The Poisonous Long Tail
If you are at all curious or interested in where systems are headed, and the unique challenges in building warehouse-scale (not datacenter scale, there is a difference) computers, then this talk by Googler Luiz Andre Barroso is a must-see. Storage, disks, flash, energy efficiency, networking–you will learn something about all of these, and more.
One of his points that I want to highlight is why backend engineers spend so much time worrying about long-tail performance, and trying to curb it. For an application running in a warehouse scale computer, every entity that is touched in the process of answering a query has a performance tail that is significantly worse than its “usual” performance, often by an order of magnitude or more.

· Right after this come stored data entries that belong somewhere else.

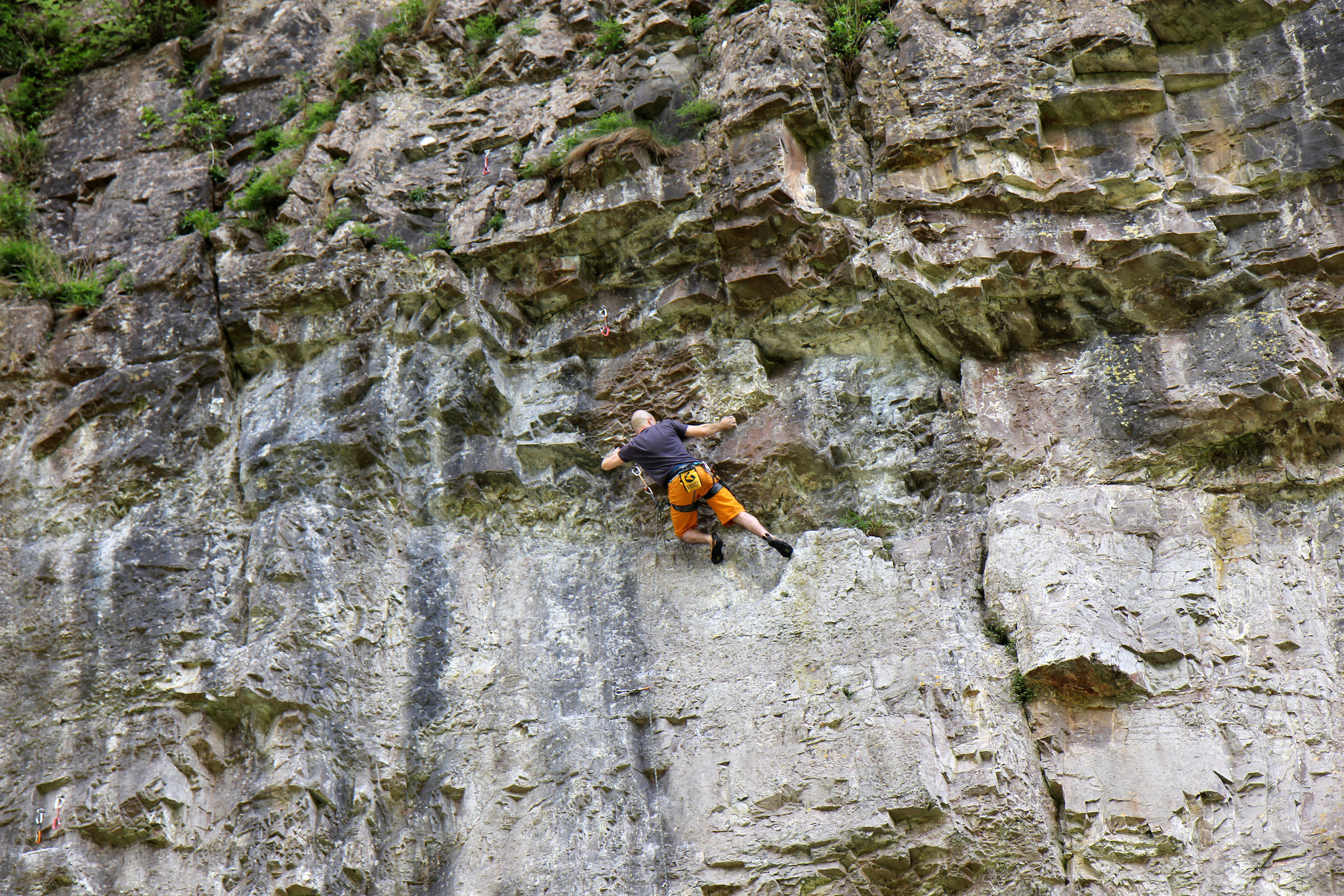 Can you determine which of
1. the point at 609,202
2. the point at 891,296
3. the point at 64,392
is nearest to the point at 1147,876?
the point at 891,296

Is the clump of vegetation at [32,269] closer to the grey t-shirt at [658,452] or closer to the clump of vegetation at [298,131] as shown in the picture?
the clump of vegetation at [298,131]

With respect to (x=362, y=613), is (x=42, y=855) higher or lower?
lower

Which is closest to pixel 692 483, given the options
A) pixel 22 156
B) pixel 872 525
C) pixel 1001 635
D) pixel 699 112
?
pixel 872 525

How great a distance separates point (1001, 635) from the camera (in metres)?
7.51

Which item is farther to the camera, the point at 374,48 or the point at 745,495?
the point at 374,48

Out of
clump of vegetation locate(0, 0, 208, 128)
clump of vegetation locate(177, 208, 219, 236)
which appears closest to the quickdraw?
clump of vegetation locate(177, 208, 219, 236)

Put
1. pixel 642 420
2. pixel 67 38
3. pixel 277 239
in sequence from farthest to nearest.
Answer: pixel 67 38
pixel 277 239
pixel 642 420

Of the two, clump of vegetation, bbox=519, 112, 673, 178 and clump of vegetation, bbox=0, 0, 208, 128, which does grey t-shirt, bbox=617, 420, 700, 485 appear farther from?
clump of vegetation, bbox=0, 0, 208, 128

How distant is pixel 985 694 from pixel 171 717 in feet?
19.0

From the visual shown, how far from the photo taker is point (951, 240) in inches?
332

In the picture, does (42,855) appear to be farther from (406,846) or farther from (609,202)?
(609,202)

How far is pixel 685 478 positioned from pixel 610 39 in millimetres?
4580

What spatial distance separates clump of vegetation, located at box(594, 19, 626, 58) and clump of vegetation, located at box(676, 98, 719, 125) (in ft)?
4.26

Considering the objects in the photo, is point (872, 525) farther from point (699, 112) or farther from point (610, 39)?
point (610, 39) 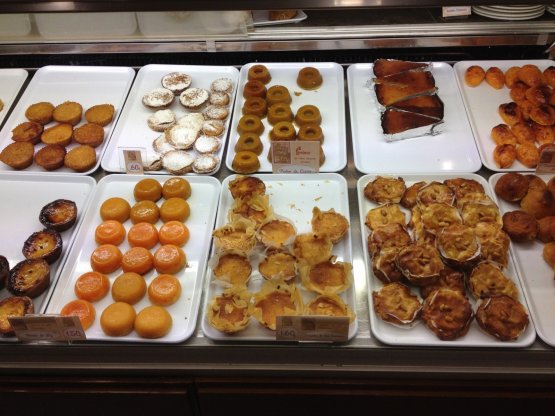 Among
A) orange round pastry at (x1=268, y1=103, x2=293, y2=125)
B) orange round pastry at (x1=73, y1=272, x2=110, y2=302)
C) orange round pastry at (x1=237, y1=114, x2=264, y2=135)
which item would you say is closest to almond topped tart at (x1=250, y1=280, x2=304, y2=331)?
orange round pastry at (x1=73, y1=272, x2=110, y2=302)

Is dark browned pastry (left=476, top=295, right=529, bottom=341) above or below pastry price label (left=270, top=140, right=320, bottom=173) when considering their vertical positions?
below

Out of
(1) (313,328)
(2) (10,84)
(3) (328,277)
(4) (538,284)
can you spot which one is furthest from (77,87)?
(4) (538,284)

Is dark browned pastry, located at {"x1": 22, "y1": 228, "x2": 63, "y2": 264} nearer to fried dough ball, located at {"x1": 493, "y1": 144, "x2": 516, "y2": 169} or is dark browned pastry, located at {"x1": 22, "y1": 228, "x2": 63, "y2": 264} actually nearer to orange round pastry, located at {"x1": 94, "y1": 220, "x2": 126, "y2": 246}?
orange round pastry, located at {"x1": 94, "y1": 220, "x2": 126, "y2": 246}

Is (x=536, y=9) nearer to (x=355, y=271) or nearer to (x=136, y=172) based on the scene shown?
(x=355, y=271)

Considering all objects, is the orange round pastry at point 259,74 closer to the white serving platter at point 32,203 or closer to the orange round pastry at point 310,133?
the orange round pastry at point 310,133

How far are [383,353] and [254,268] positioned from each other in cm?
58

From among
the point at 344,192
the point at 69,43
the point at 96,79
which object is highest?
the point at 69,43

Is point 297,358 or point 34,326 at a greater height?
point 34,326

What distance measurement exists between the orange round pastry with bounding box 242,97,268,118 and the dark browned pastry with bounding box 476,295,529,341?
146 centimetres

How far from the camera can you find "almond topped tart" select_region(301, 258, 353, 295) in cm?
196

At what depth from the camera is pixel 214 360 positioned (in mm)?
1906

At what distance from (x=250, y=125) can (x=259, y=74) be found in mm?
383

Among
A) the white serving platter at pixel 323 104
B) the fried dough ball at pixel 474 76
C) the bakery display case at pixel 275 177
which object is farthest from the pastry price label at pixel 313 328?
the fried dough ball at pixel 474 76

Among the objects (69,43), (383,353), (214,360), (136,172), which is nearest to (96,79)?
(69,43) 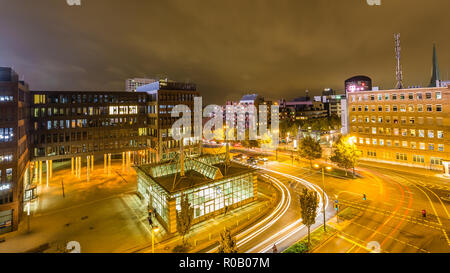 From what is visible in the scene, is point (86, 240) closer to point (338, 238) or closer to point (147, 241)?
point (147, 241)

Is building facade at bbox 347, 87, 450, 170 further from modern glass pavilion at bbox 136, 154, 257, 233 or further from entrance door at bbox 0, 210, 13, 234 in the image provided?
entrance door at bbox 0, 210, 13, 234

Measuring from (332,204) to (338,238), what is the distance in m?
9.51

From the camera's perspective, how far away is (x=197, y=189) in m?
30.4

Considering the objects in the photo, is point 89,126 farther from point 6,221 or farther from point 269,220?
point 269,220

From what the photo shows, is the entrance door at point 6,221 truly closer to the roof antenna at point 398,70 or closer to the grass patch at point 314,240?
the grass patch at point 314,240

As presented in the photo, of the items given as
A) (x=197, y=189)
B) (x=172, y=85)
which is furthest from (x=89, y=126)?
(x=197, y=189)

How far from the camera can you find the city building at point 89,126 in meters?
47.7

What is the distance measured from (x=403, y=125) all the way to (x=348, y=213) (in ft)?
131

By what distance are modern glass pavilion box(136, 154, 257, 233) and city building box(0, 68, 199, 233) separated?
7.43 m

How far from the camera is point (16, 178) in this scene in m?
30.8

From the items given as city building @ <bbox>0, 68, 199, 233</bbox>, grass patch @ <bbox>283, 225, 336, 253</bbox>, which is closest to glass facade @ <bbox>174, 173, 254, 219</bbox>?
grass patch @ <bbox>283, 225, 336, 253</bbox>

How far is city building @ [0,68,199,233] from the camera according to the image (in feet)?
157

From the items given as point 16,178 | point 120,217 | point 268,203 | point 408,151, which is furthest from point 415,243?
point 16,178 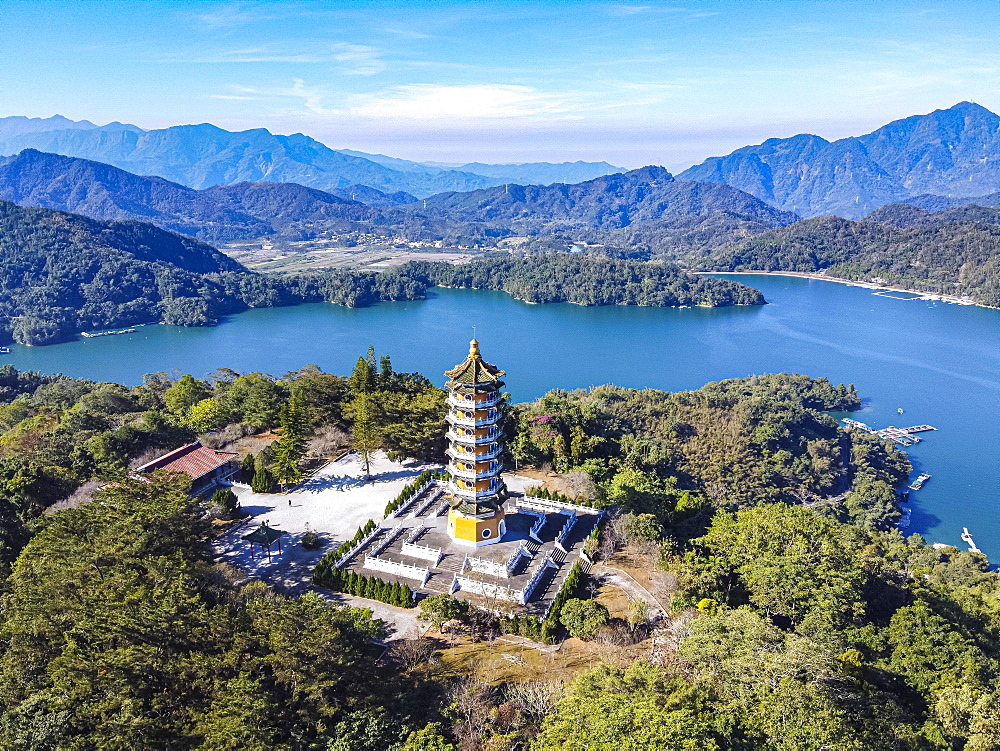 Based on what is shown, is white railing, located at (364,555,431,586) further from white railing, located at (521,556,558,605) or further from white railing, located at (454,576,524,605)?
white railing, located at (521,556,558,605)

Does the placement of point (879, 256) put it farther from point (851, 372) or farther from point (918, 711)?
point (918, 711)

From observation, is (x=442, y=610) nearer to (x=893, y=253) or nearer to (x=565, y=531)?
(x=565, y=531)

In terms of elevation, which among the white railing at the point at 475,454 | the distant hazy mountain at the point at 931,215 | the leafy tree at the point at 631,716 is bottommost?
the leafy tree at the point at 631,716

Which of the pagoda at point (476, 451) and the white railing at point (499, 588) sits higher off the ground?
the pagoda at point (476, 451)

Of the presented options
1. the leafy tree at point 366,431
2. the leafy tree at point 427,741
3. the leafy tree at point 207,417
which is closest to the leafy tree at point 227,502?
the leafy tree at point 366,431

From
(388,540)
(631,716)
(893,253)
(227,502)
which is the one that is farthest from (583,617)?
(893,253)

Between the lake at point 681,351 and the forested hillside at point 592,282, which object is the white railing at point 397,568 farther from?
the forested hillside at point 592,282

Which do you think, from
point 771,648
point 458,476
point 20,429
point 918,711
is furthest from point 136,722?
point 20,429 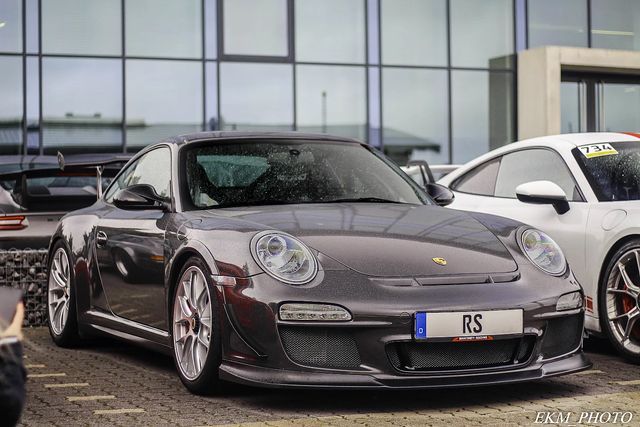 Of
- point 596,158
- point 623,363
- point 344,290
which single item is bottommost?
point 623,363

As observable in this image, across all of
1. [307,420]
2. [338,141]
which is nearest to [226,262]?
[307,420]

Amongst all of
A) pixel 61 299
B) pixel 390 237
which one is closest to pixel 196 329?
pixel 390 237

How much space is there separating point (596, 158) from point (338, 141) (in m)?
1.75

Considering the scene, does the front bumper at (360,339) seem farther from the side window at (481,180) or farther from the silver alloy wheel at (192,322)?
the side window at (481,180)

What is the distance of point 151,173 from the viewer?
7020mm

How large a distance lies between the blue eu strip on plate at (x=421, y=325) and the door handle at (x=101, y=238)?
255cm

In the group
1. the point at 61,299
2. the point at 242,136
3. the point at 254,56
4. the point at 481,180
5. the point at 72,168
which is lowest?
the point at 61,299

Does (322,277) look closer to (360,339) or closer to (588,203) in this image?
(360,339)

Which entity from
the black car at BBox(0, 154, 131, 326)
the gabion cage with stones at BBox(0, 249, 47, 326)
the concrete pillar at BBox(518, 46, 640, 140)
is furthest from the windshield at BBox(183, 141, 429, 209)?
the concrete pillar at BBox(518, 46, 640, 140)

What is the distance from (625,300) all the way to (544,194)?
81 centimetres

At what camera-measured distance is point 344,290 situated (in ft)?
17.3

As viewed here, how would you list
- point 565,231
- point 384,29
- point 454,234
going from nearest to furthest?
point 454,234 < point 565,231 < point 384,29

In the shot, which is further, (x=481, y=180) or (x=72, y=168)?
(x=72, y=168)

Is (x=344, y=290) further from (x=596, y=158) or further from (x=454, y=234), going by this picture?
(x=596, y=158)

Using the example from the talk: consider a server that gives you a very quick response (much lower than 1 second) 99% of the time, but takes more than one second the other 1% of the time. Now imagine that you have to talk to 10 such servers to answer your query. Now 10% of your queries take longer than 1 second. With 50 servers, 40% of your queries are slow. And with 100 servers, two thirds of your queries take longer than one second. It’s not unusual for complicated services to be composed of these many other services.
Thus, a long tail in the extremely high percentiles for every component rapidly spreads out into the distribution of the entire service. It’s like the one drop of dye that colors an entire cauldron.
(On the brighter side, operating at scale does buy you reliability.)